Bagaimana Anda melihat kondisi perfilman sekarang dengan tahun 90-an?

Dulu sutradara masih memiliki otoritas sebagai kapten di lapangan, sehingga bisa menentukan pemain. Otoritasnya kuat dan tidak bisa ditawar. Produser dan pemain wajib mengikuti arahan atau keputusan sutradara. Kalau sekarang tidak bisa. Campur tangan produser sangat menentukan. Misal kita sudah menentukan pemainnya A, tiba-tiba produser nitip pemain. Mau tidak mau kita harus pasang. Bahkan pemain pun kadang ikut campur. Aneh, tapi begitulah kondisi saat ini.

Berapa banyak film yang sudah pernah tayang di bioskop jaringan Cinema 21?

Sudah ada beberapa, jumlahnya saya lupa. Tapi yang pasti tidak semua film bisa tayang di Cinema 21. Gampanag-gampang susah. Kalau sekedar masuk, mudah. Tapi untuk tayangnya, susah. Sampai sekarang kabarnya masih ada 300 film horor yang antri untuk tayang. Tapi produksi horor terus jalan. Dua produksi film horor saya juga sudah selesai syuting. Judulnya Tahajud dan Guna-guna Pelakor di mana saya sebagai astrada sekaligus pemain. Namun sampai sekarang film itu belum ditayangkan.

Genre horor masih punya penonton?

Masih banyak peminatnya. Misalnya di Jakarta tidak meledak, bisa saja penontonnya meledak di Jawa Barat atau di Jawa Timur. Karena horor dekat dengan keseharian kita. Lingkungan kita juga masih dipenuhi cerita horor. Lagi pula biaya produksi film horor tidak terlalu tinggi. Bahkan dengan budget minimalis masih bisa dikerjakan. Namun sayangnya, cerita horor Indonesia masih berkutat di Jawa. Padahal di luar Jawa, juga banyak budaya horor. Kalimantan, Sulawesi, Papua, banyak menyimpan cerita horor yang belum tergali oleh sutradara maupun penulis.

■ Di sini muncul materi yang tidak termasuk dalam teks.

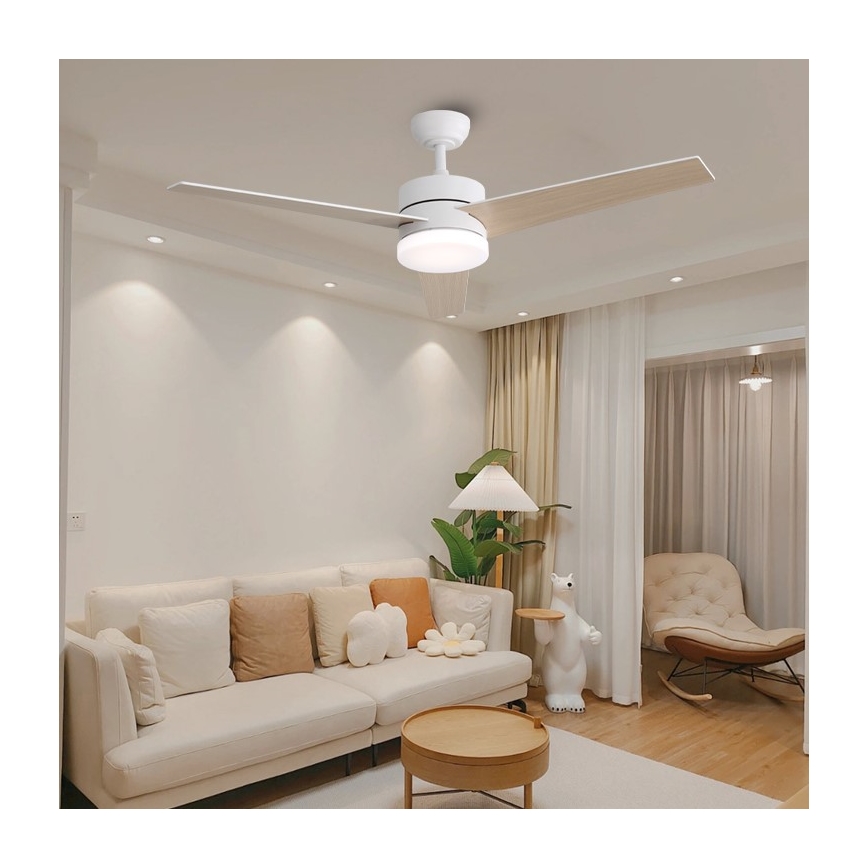 Immax NEO 07284L - LED+CCT Dimeriuojamas lubinis ventiliatorius VARIABLE LED/24W/230V 3000/4000/6000K Wi-Fi Tuya skersmuo 132 cm + nuotolinis valdymas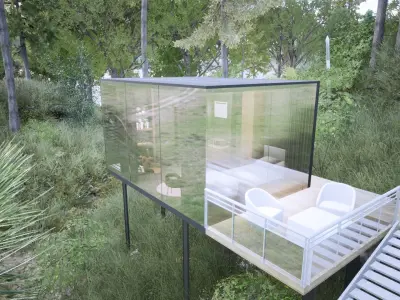 Tiny House  Mirror Glass house 20 SQM  Revit and Twinmotion 3D model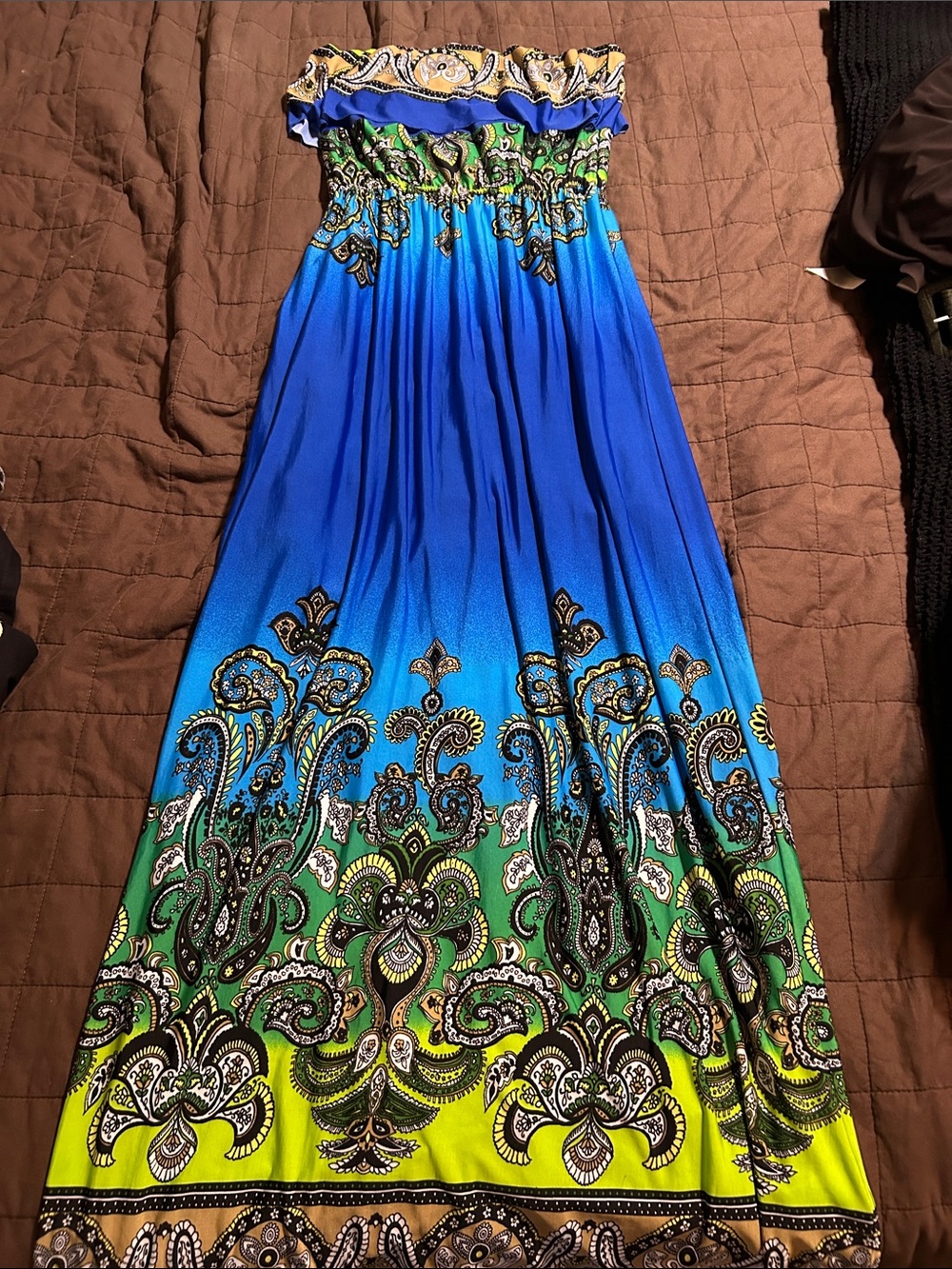 BONGO Blue, Green and Yellow Paisley Strapless Maxi Dress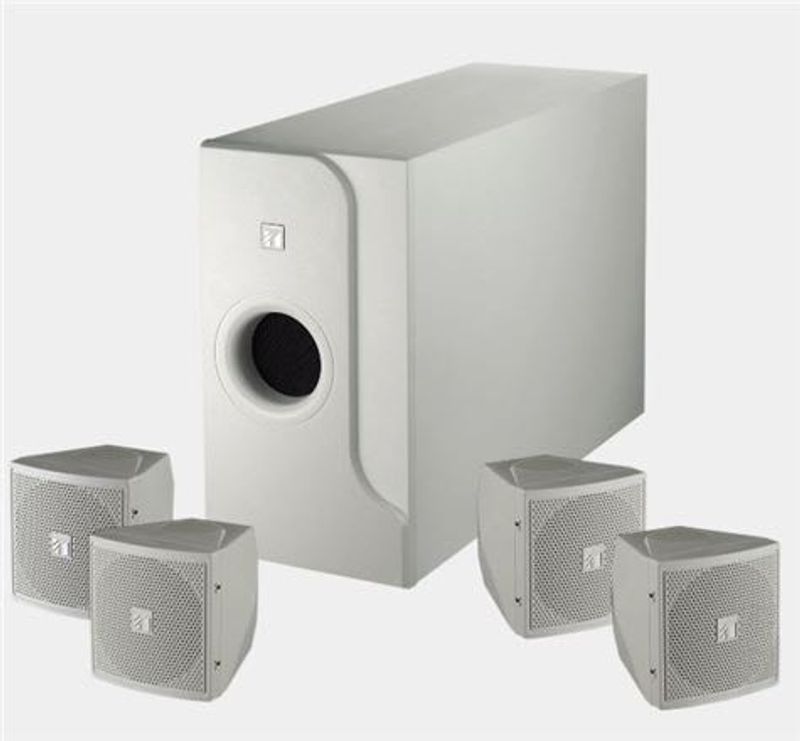 TOA Høyttalersystem 4xSatelitt 1x sub 2x160W Hvit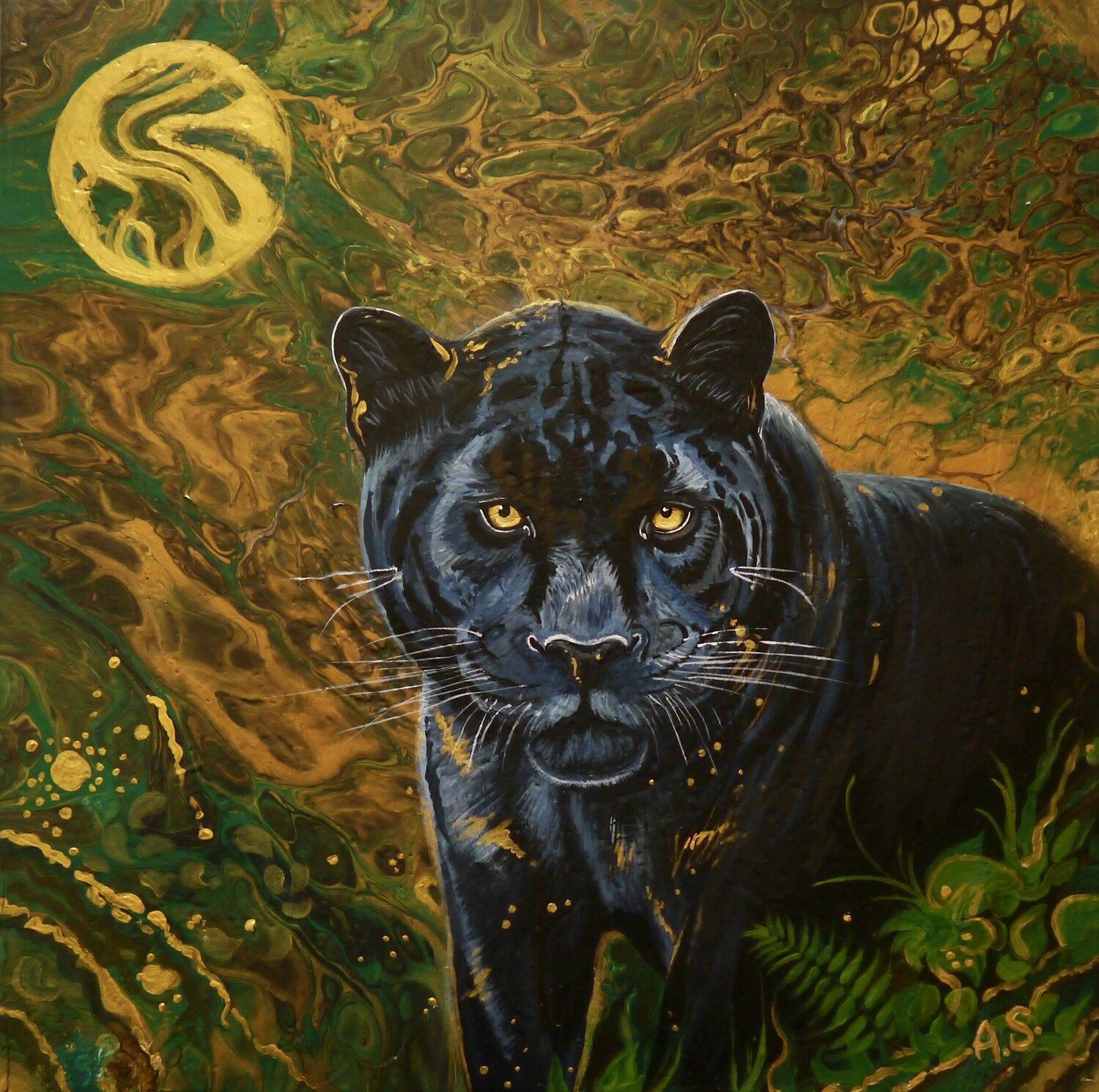 Wächter der Dschungel-Magie: Schwarzer Panther Anja Semling Original painting for sale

Menurut Anda, apa yang membedakan teater dengan film?

Saya menganggap film hanya sebagai industri. Kita kerja dapat uang, sehingga kurang puas secara batin. Dulu proses produksi satu episode FTV selama 2 minggu, atau 10 hari, sehingga kita punya waktu untuk melakukan eksplorasi. Misal akting pemain kurang, masih bisa kita poles. Kalau sekarang, targetnya hanya 3-4 hari untuk produksi. Jadi sulit untuk menjaga mutu. Kalau di teater, prosesnya bisa berbulan-bulan sehingga kualitas terjaga. Di situlah kita mendapat kepuasan batin.

Apa komentar Anda tentang TIM yang sekarang?

Suasananya berbeda. Kita menjadi berjarak dengan teman-teman. Dulu antar anggota grup membaur. Meski grup kita berbeda, namun selesai latihan, kita ngumpul. Dalam berkreasi kita boleh beda-beda, apalagi misalnya untuk festival di mana kita bersaing. Tetapi di luar itu tetap berbaur.

Keberadaan gedung-gedung yang sekarang bukan berarti jelek. Semua pasti berubah mengikuti perkembangan zaman. Hanya saja ada beberapa hal saya anggap tidak berpihak pada seniman. Salah satu yang mencolok adalah gedung Graha Bakti Budaya di mana sewanya sampai ratusan juta. Pemerintah tidak bijak. Ini kan tempat orang berkreasi dan berekspresi. Teater butuh waktu berbulan-bulan untuk produksi dan cari sponsor. Jika harus membayar sewa gedung ratusan juta,  dari mana bisa menutup biaya produksi.

Okelah ada gedung alternatif seperti PPSB (Pusat Pelatihan Seni Budaya). Tapi lucu juga kalau seniman Jakarta tidak bisa pentas di TIM yang menjadi pusat kesenian. TIM menjadi sangat eksklufif. Kalau ingin bangun gedung dengan sewa mahal, mestinya jangan di situ, tapi di luar TIM.

Ada pesan untuk generasi muda?

Terus berbuat, berkarya, di masa saja. Jangan lihat tempatnya, tidak harus di TIM. Karena tanggung jawab seorang seniman adalah karya, bukan tempat.